WHAT THE TASK REQUIRES:
After locating the line that holds "Framed Print : Australia: The", copy that line and all that follow it word for word through the end of the data, with no pictures.

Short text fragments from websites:
....

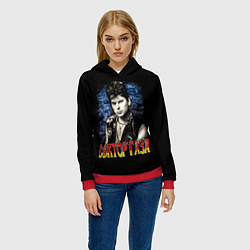 Толстовка-худи женская Юра ХОЙ Клинских Сектор Газа, цвет: 3D-красный — фото 2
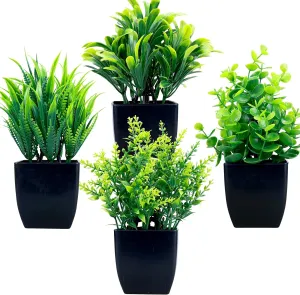 4 Pack Fake Plants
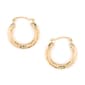 Candela 14kt. Twist Square Diamond Cut Hoop Earrings - image 1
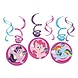 Riethmüller Decoratie Swirls My Little Pony 61cm | 6 stuks Riethmüller Decoratie Swirls My Little Pony 61cm | 6 stuks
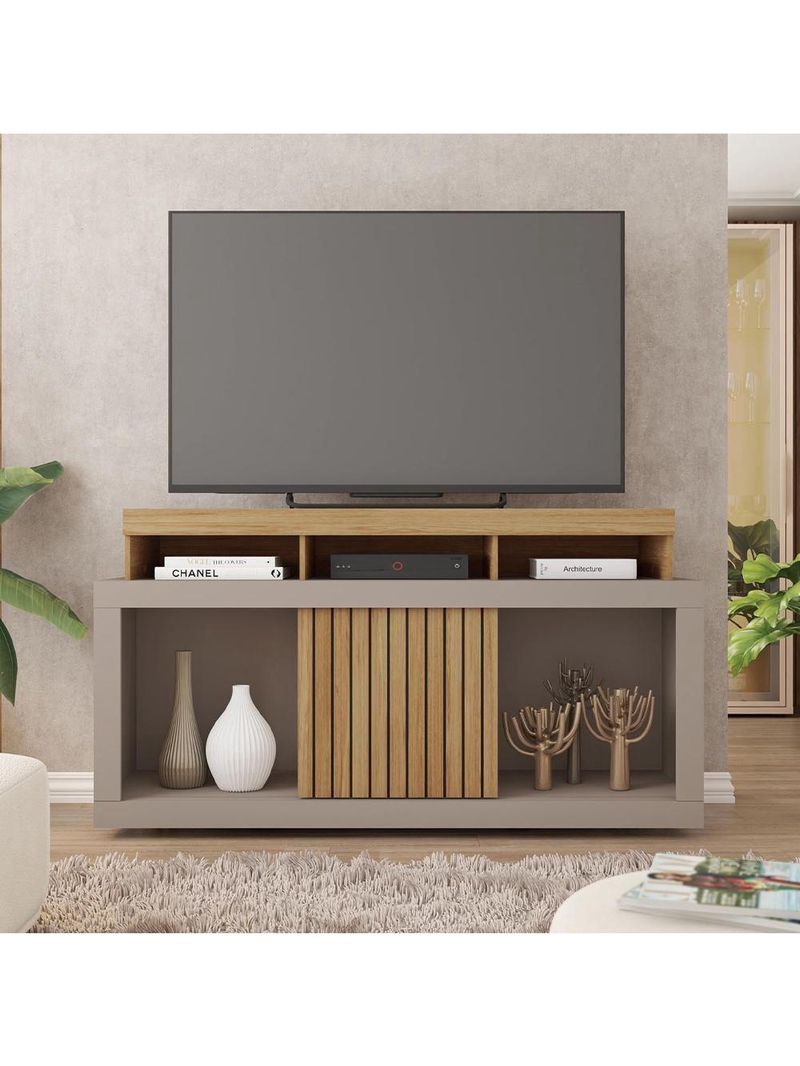 Bancada Rack Para Tv Até 55 Polegadas Frost Marrom Caemmun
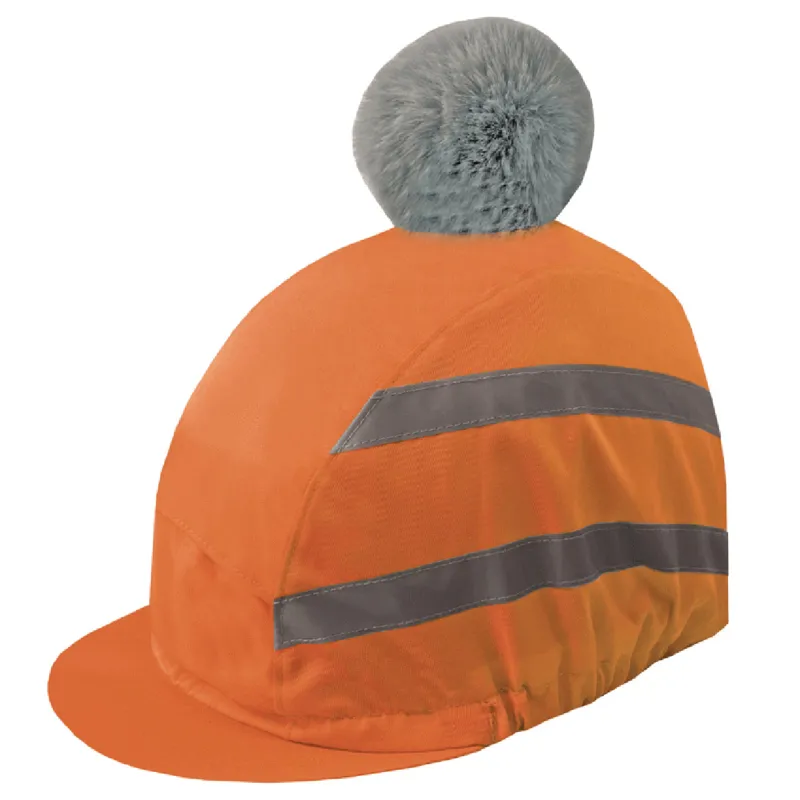 Equetech Vision HiViz Water Resistant Hat Silk - Orange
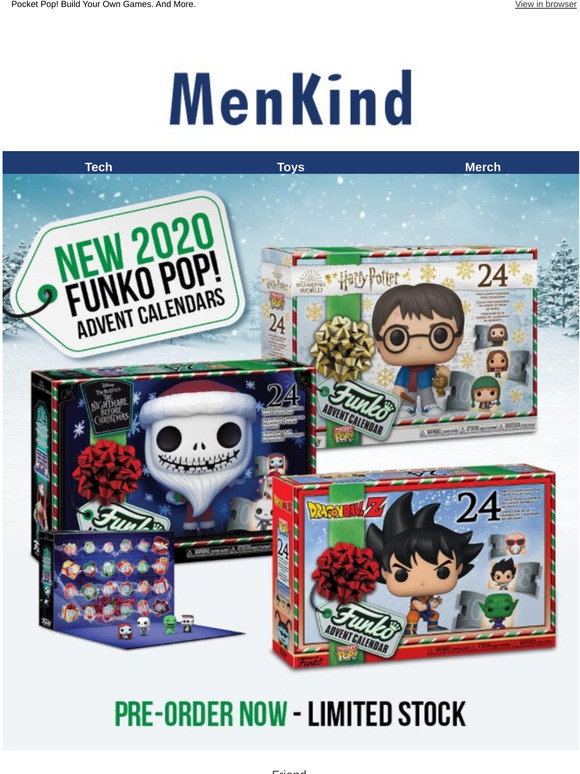 menkind harry potter advent calendar
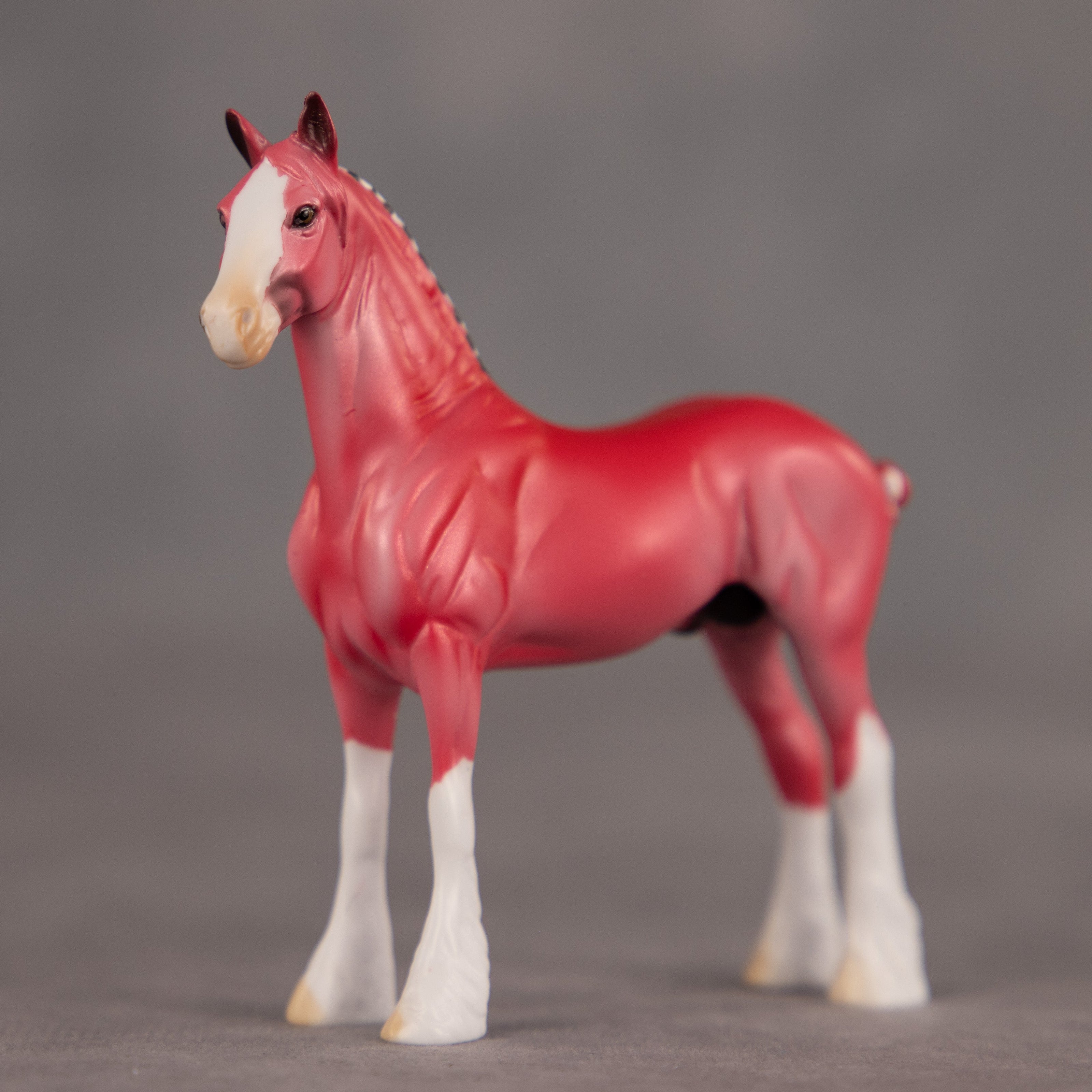 Cherry Slush OOAK Chip Standing Drafter by Dawn Quick EQ26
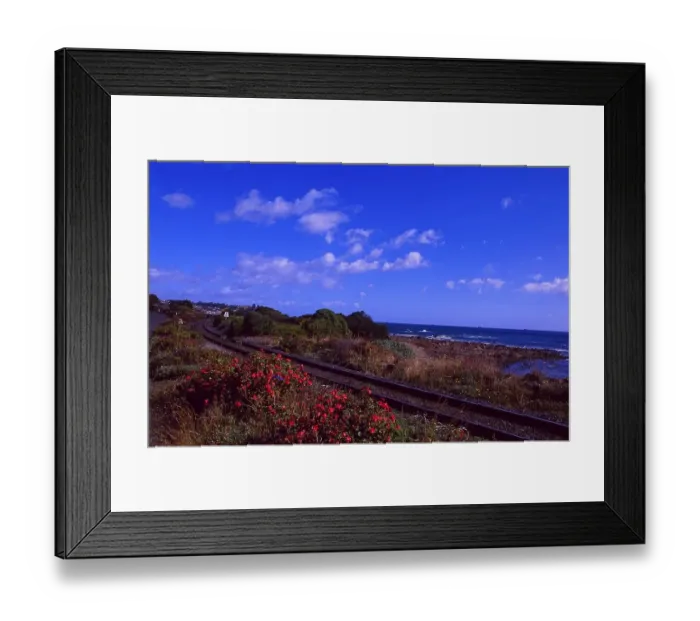 Framed Print : Australia: The railway at the north coast of Tasmania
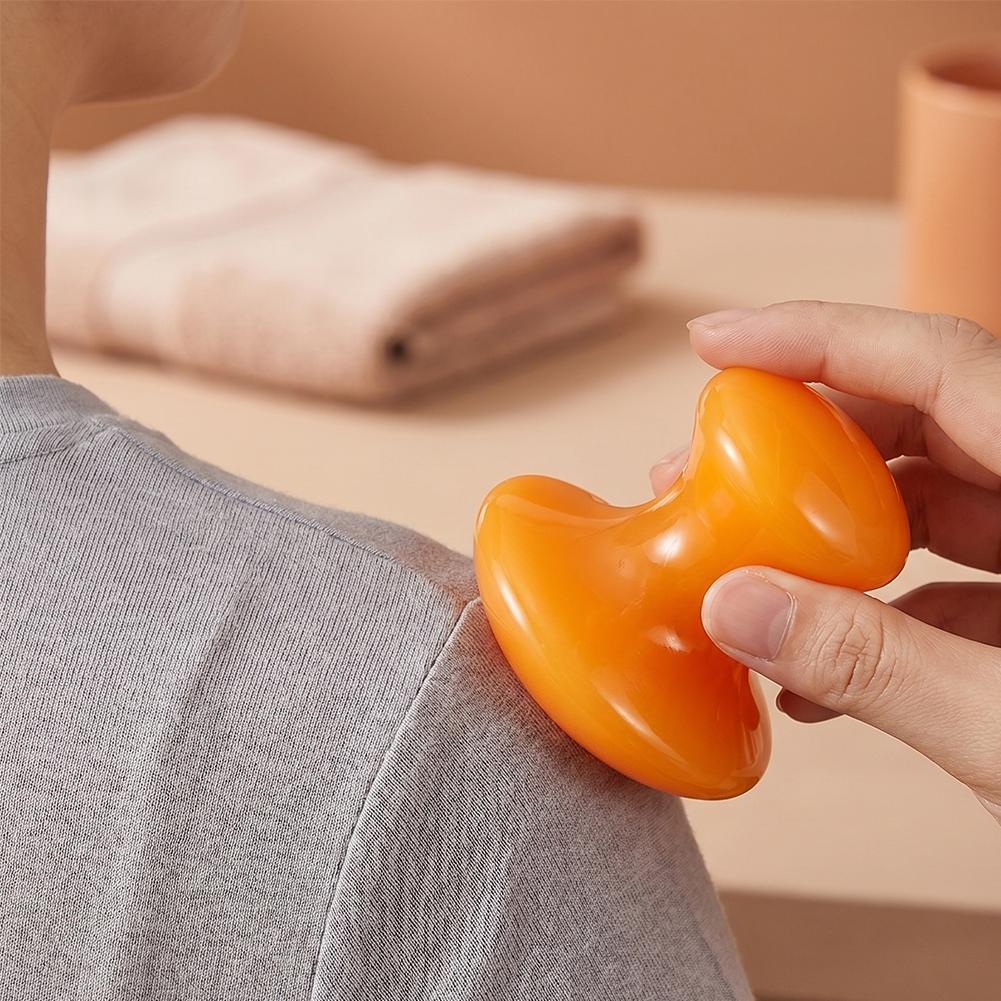 Gua Sha Tool Rose Quartz - Naturalny różowy kwarcowy masażer do twarzy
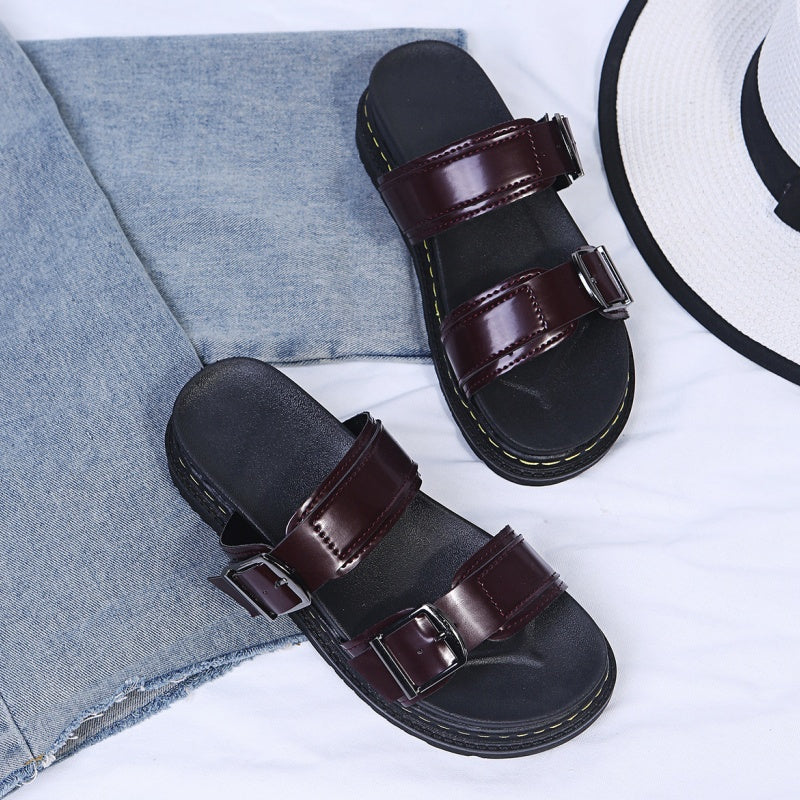 🌞Nouveautés de l'été🎁Sandales à boucles pour femmes, à plateforme souple et décontractée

....

EXERCISE RESPONSE:
 Framed Print : Australia: The railway at the north coast of Tasmania
 Gua Sha Tool Rose Quartz - Naturalny różowy kwarcowy masażer do twarzy
 🌞Nouveautés de l'été🎁Sandales à boucles pour femmes, à plateforme souple et décontractée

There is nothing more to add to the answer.